TASK STATEMENT :: Using the material that follows, output exactly the lines from the one containing "Apartmán Fantastico Duplex En Meloneras" through the one containing "2026 Kpss Türkçe", with both ends kept.

Start of INPUT

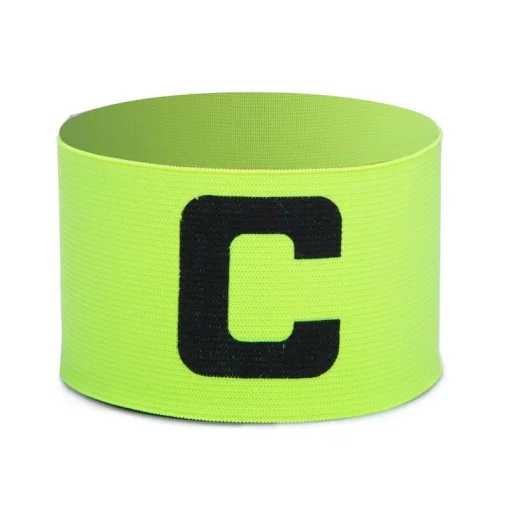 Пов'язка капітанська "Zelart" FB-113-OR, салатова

End of INPUT
Start of INPUT

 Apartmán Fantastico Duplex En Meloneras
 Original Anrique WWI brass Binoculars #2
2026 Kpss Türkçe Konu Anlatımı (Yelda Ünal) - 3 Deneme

End of INPUT

TASK SOLUTION ::
 Apartmán Fantastico Duplex En Meloneras
 Original Anrique WWI brass Binoculars #2
2026 Kpss Türkçe Konu Anlatımı (Yelda Ünal) - 3 Deneme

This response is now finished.